When a buyer submits a PO, an event handler (EH) is set up in SAP Event Management (EM) and it keeps track of the purchase order's status. All adjustments to the purchase order are mirrored in the SAP EM Purchase Order EH so that anyone monitoring the purchase order is informed. One example of a change monitored against the PO is the confirmation of the order. Questions such as whether the confirmation was received, the date, quantity, and price all change are asked.

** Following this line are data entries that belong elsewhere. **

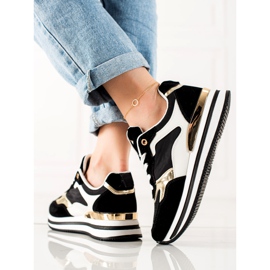 TRENDI Zapatillas de moda NEGRO y ORO 2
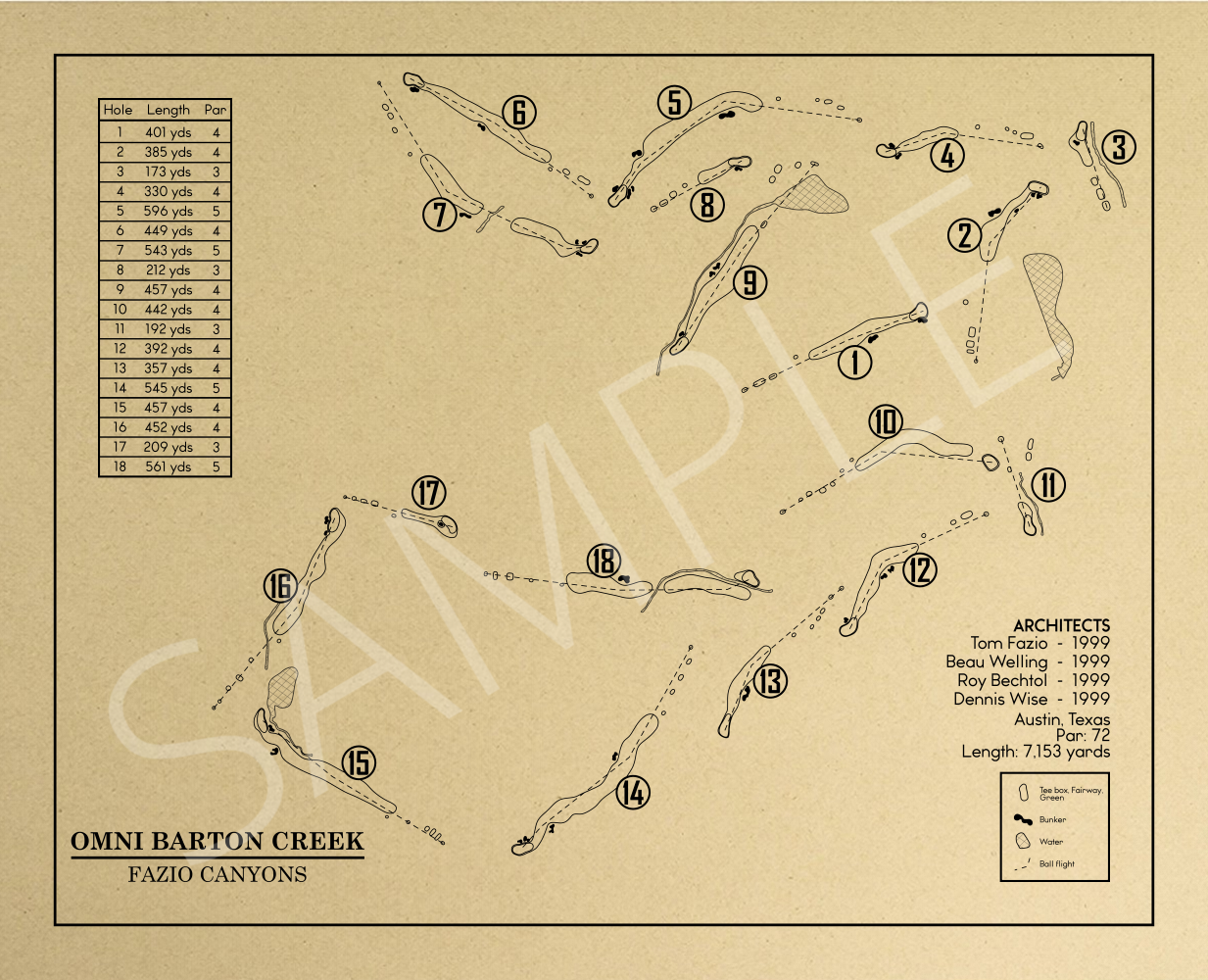 Omni Barton Creek Fazio Canyons Outline (Print)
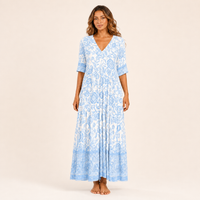 Robe Longue Florale à Col V – Bleu Ciel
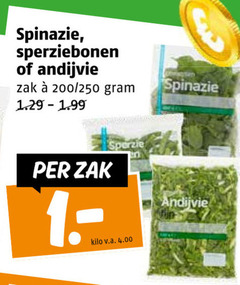  spinazie andijvie sperziebonen zak 200 250 kilo v.a. 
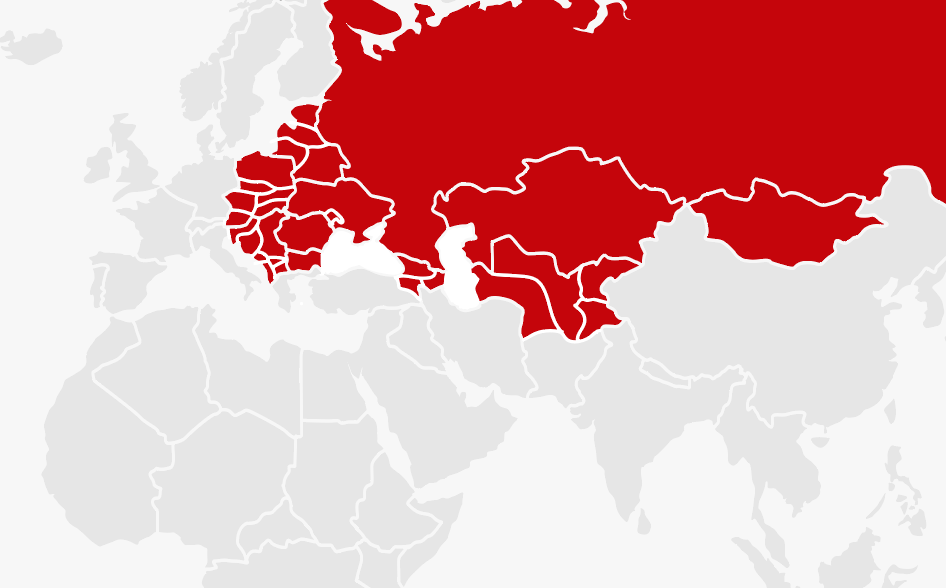 Map of countries within CREECA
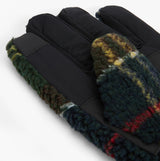 Barbour Field Tartan Mens Fleece Gloves Classic Tartan detail view showcasing fleece texture and waterproof design.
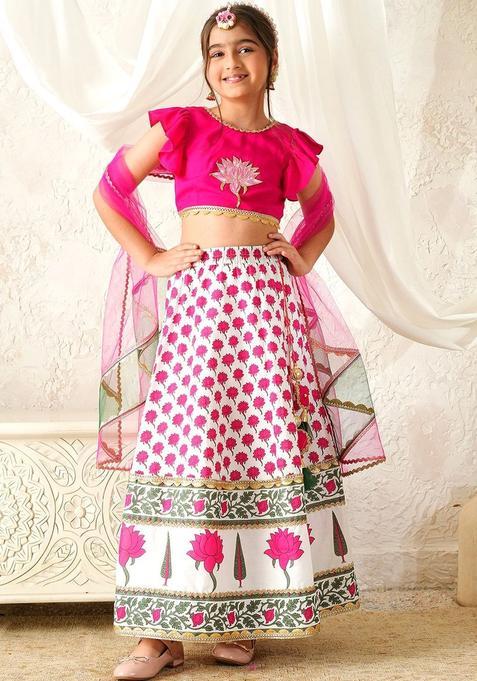 White Embroidered Cotton Lehenga Set For Girls — view on Indya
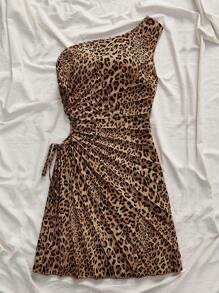 SHEIN VCAY Vestido mini de hombro único con pliegues y estampado de leopardo tejido para mujer - Multicolor - Ver 7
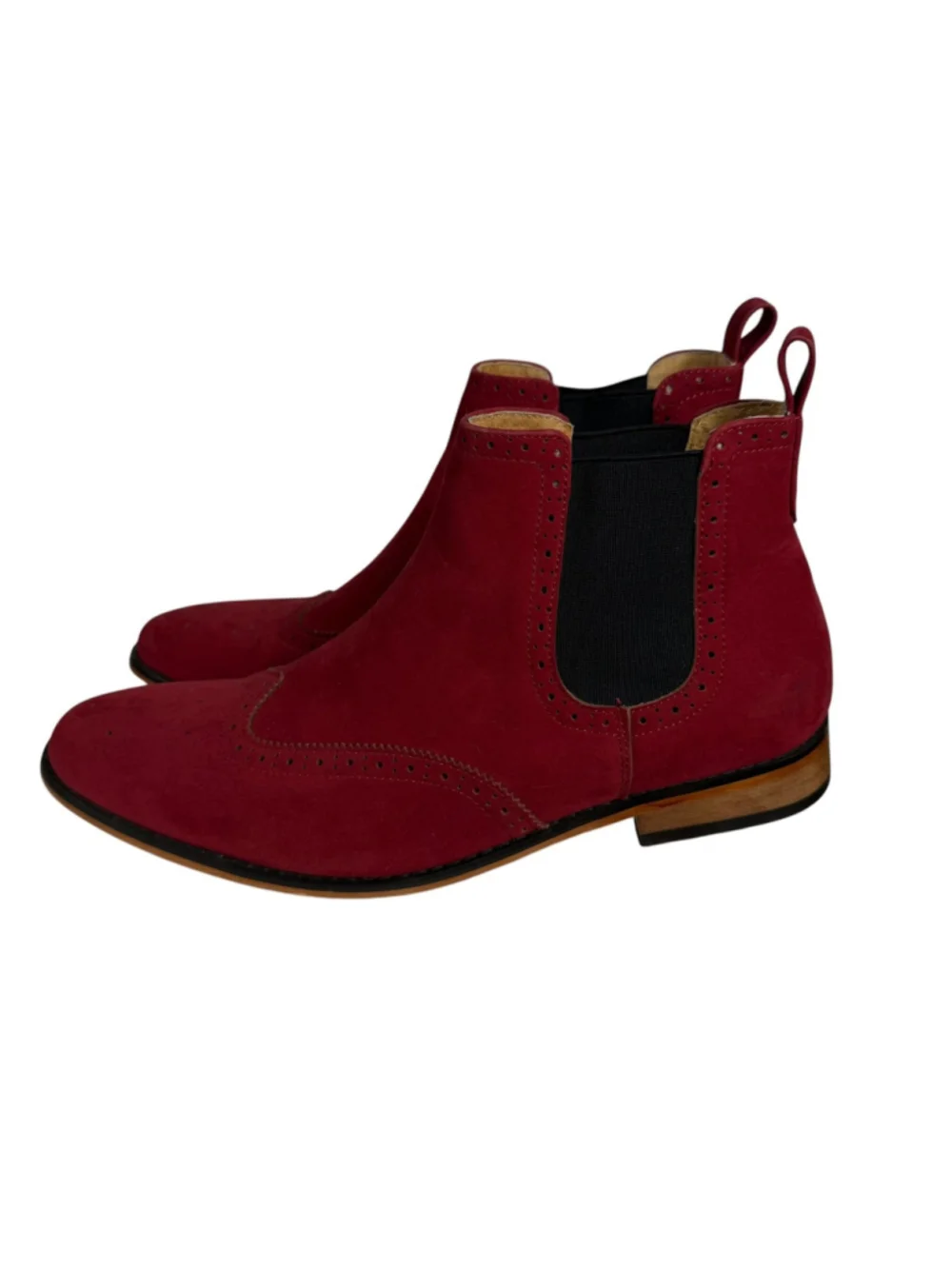 Gino Vitale Wingtip Chelsea Boots Red Leather Round Toe Slip On Formal Men's 10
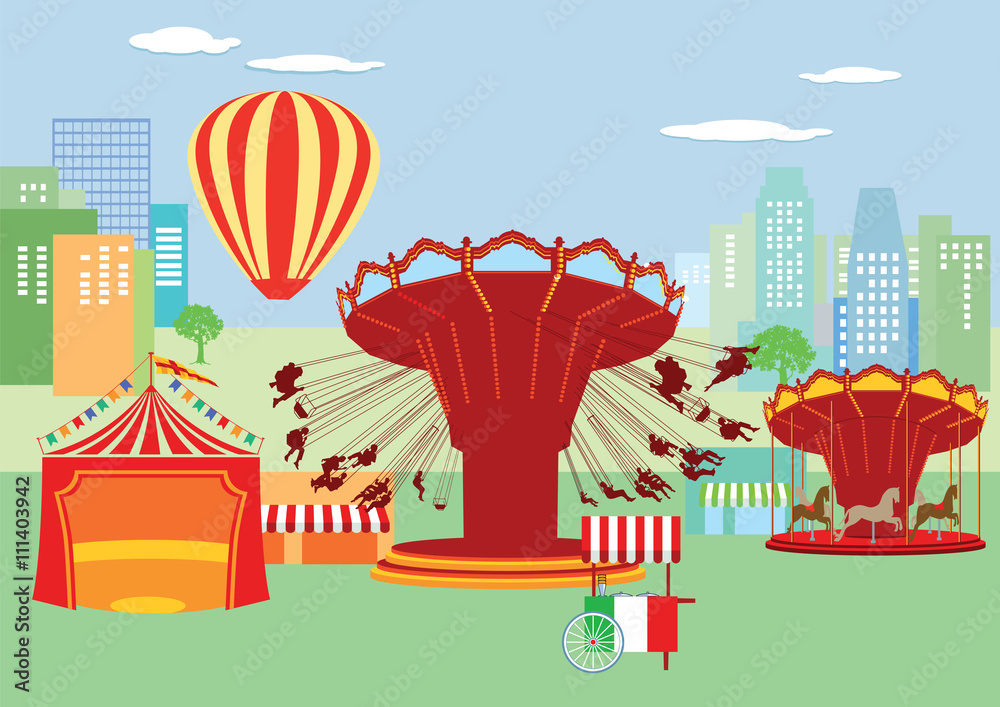 Naklejka premium Jahrmarkt, Kirmes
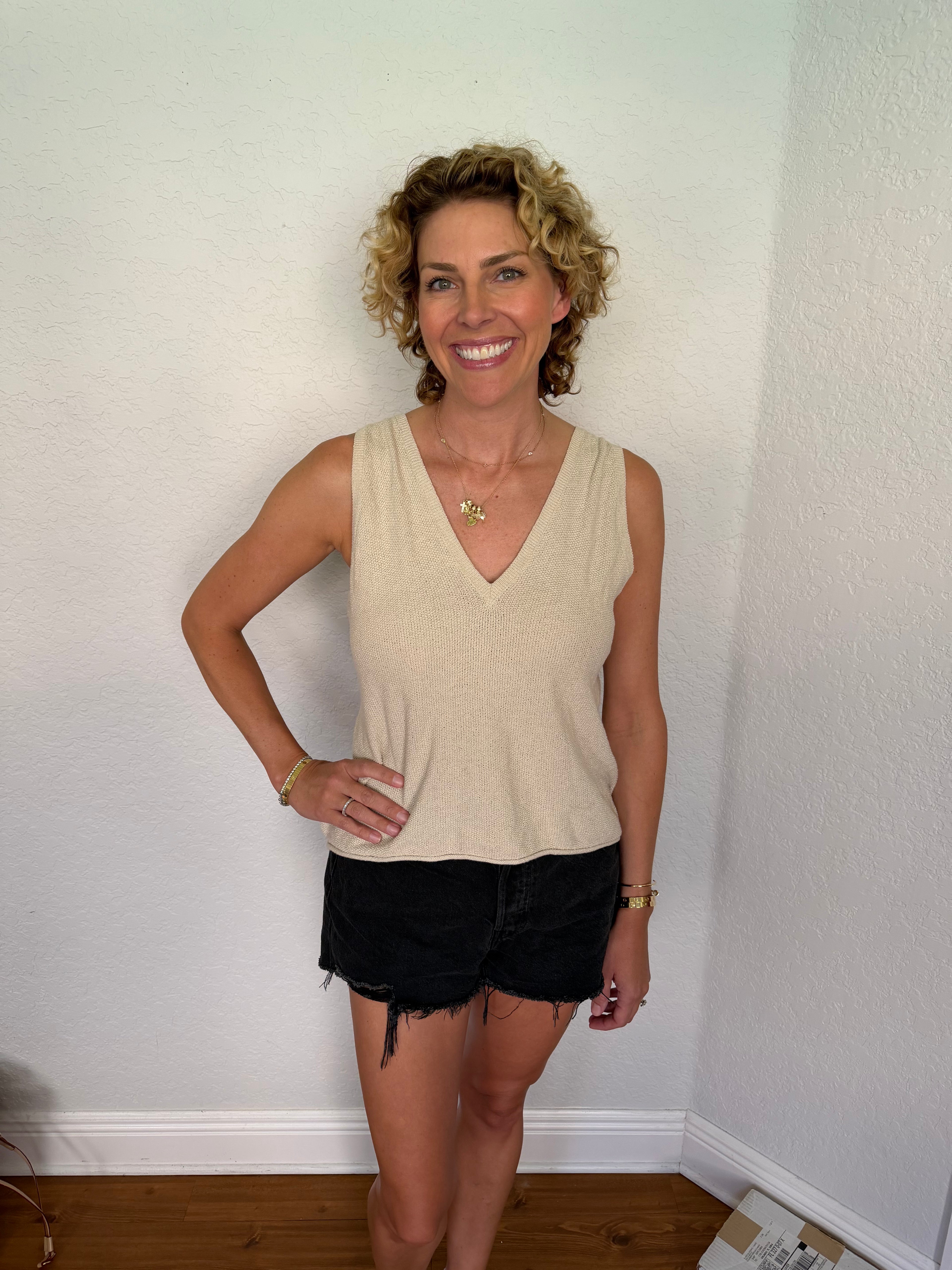 Free People Beach Tie Strap Tank - size small
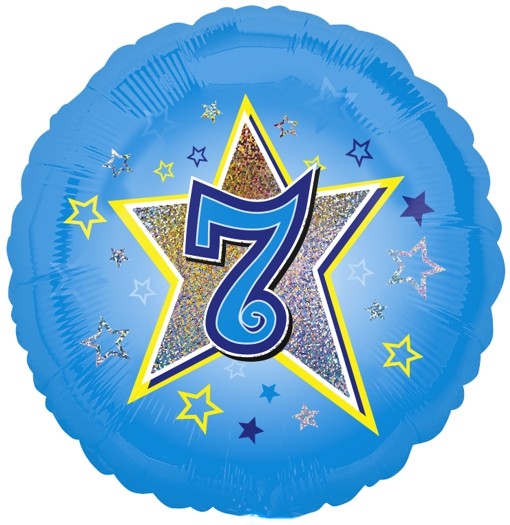 Folienballon 7. Geburtstag Blau Junge, Folienballon mit Helium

Once the purchase order has been confirmed and the supplier has shipped the product, they will send an Advanced Shipment Notification (ASN) to inform us of the shipment details. This ASN is related to an inbound delivery in SAP. At this point, an Event Header (EH) is created to monitor the status of the inbound delivery. This EH is connected to the PO EH in the same way the confirmation control area of the PO in SAP ECC links the two documents. Before the product was shipped, a tracking number was assigned to the inbound delivery, which is then used to create another EH in SAP EM, to track the status of the number. This tracking number EH is linked to the inbound delivery EH, giving access to the PO, inbound delivery, and tracking number.
As soon as the carrier does its initial scan for the designated tracking numbers (at the supplier's location), we get an alert from the carrier with details about this happening. Usually, the carrier gives us an EDI X12 214 carrier status notification message. To interpret this, we typically employ a translation tool such as SAP NW PI and have it posted to SAP EM. Every time a 214 message is sent, we associate it with the corresponding tracking number event and update the status accordingly.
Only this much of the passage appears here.